There is hope with city public housing 

I was dismayed to see the April 10 San Francisco Examiner story, “Hope on hold,” paint such a pessimistic view of Hope SF, rather than celebrating that the developers and public agency partners have successfully attracted hundreds of millions of dollars in new public and private money for rebuilding both Hunters View and Alice Griffith. Instead of a story about how San Francisco will rebuild more than 500 public housing apartments within mixed-income communities of over 2,000 homes, the reporter focuses on the funding still needed for completing work at other Hope SF sites.

In regard to Hunters View, we provided The Examiner with information on the incredible success that the developer and public agencies have had in attracting more than $100 million in public and private funding to rebuilding effort.
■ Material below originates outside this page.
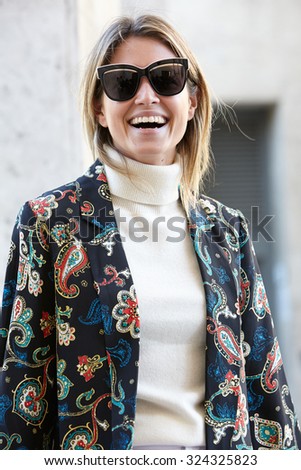 PARIS - SEPTEMBER 30: Helena Bordon poses for photographers before Rochas show, Paris Fashion Week Day 2, Spring / Summer 2016 street style on September 30, 2015 in Paris.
This includes $29 million in private equity, $9.8 million from the San Francisco Redevelopment Agency, $8.1 from the San Francisco Housing Authority and $40 million in Proposition 1C funds from the state.
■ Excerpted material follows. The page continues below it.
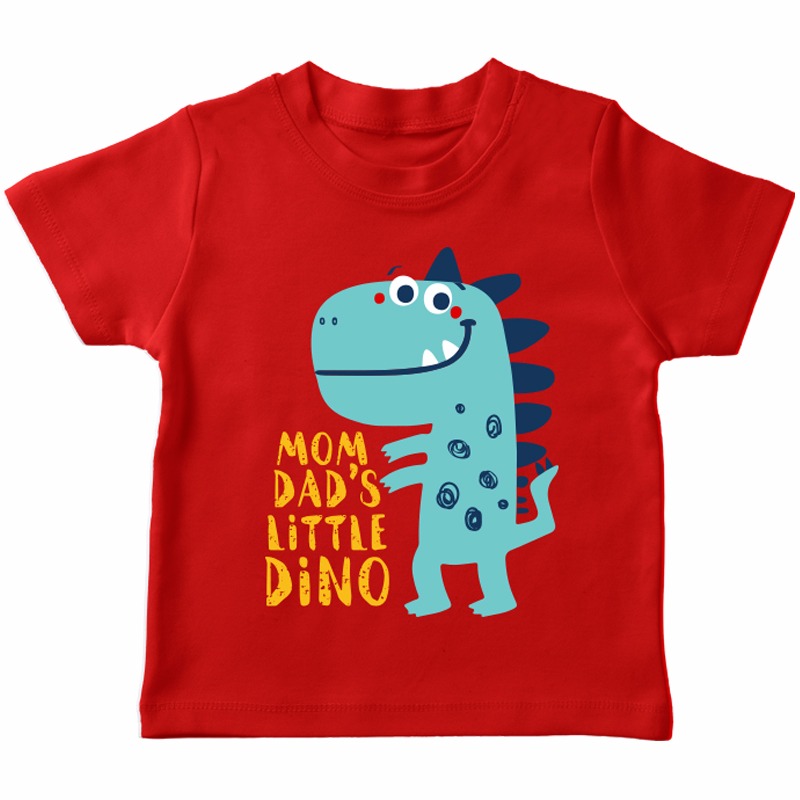 Mom Dad's Little Dino Daily Wear Kids Tee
As importantly, the reporter inaccurately claims that there will be no market-rate housing in the first three phases of the Hunters View project. As I’m sure you realize, there is currently almost no market-rate housing being built in the southeastern part of The City, so it should not be surprising that for-sale housing is not part of Phase I. However, it is everyone’s intention to include market-rate housing in the next phases, which is why sites have been set aside for this purpose.

In regard to Alice Griffith, the Hunters Point Naval Shipyard-Candlestick Point redevelopment plan provides for $100 million in private and public funding to create a mixed-income community. As we told the reporter, the governor did not propose to eliminate funding for projects like the Shipyard — a fact that would have been important to mention. Clearly, more funding will be needed for infrastructure at Sunnydale and Potrero, but the real story is how much progress has been made.

Doug Shoemaker, Director, Mayor’s Office of Housing, San Francisco

Too much beer

The sad and savage beating of Bryan Stow at Dodgers Stadium is a wake-up call to Major League Baseball.
Encouraging the free-flowing consumption of alcohol before, during and after games is inviting trouble. Both the vending of beer during the games and the consumption of alcohol before and after games at the many bars surrounding the parks should be closely monitored. Stick around King Street after a game and see for yourself.